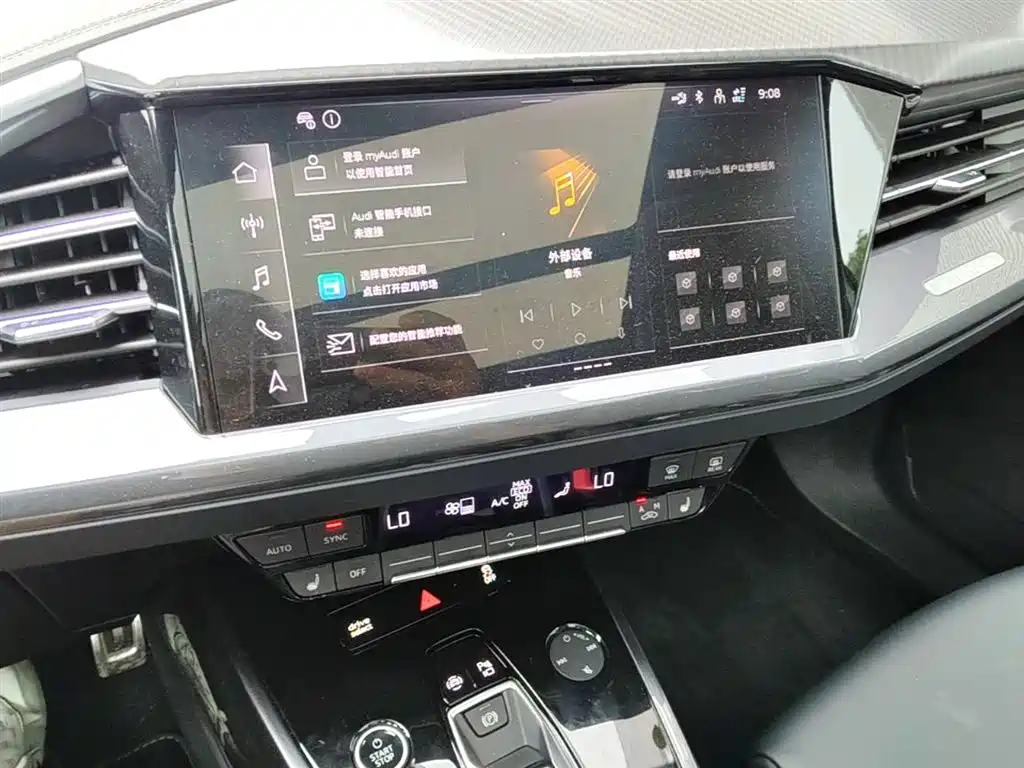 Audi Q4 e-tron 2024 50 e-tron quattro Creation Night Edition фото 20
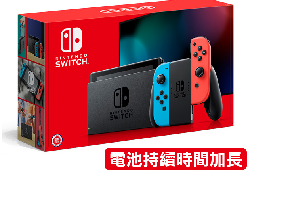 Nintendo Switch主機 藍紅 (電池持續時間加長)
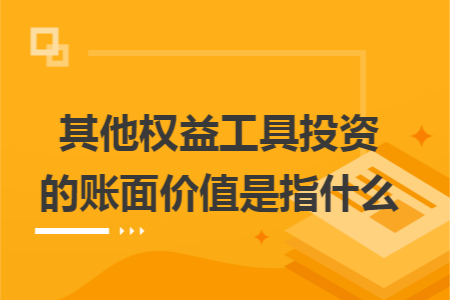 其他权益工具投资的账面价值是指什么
---
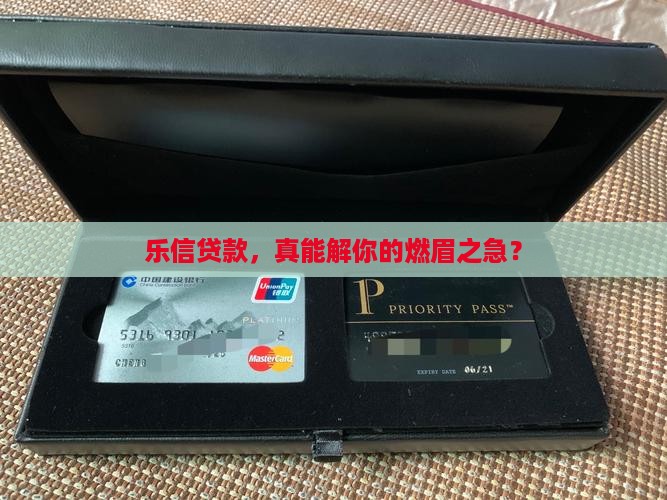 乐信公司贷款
---
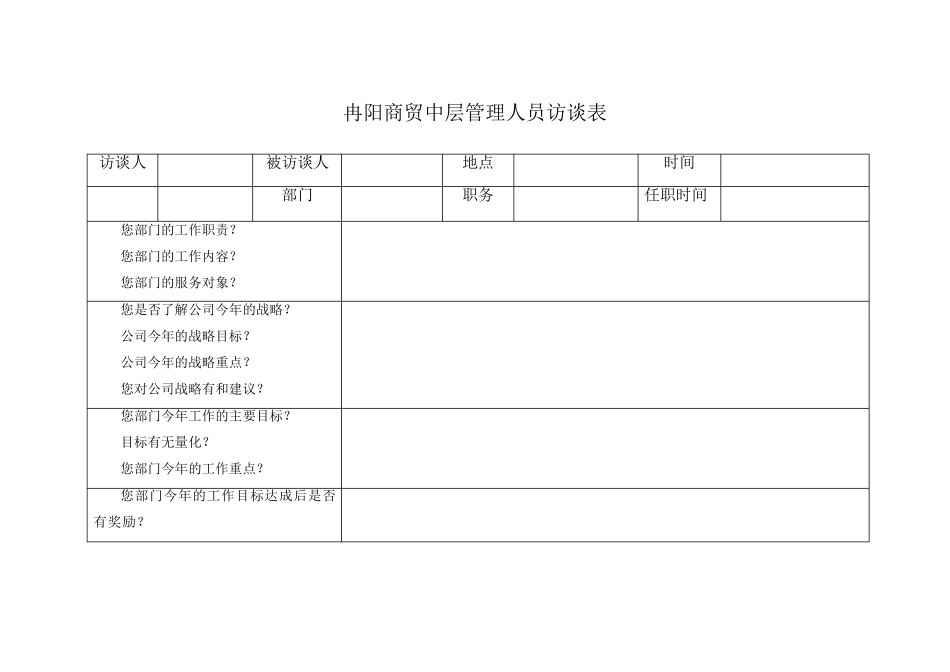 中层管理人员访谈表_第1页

▶ Your objective
Here the job is to copy the stretch of records from the line containing "Audi Q4 e-tron" through the line containing "其他权益工具投资的账面价值是指什么", word for word. Leave every picture out.

▶ Task result
 Audi Q4 e-tron 2024 50 e-tron quattro Creation Night Edition фото 20
 Nintendo Switch主機 藍紅 (電池持續時間加長)
 其他权益工具投资的账面价值是指什么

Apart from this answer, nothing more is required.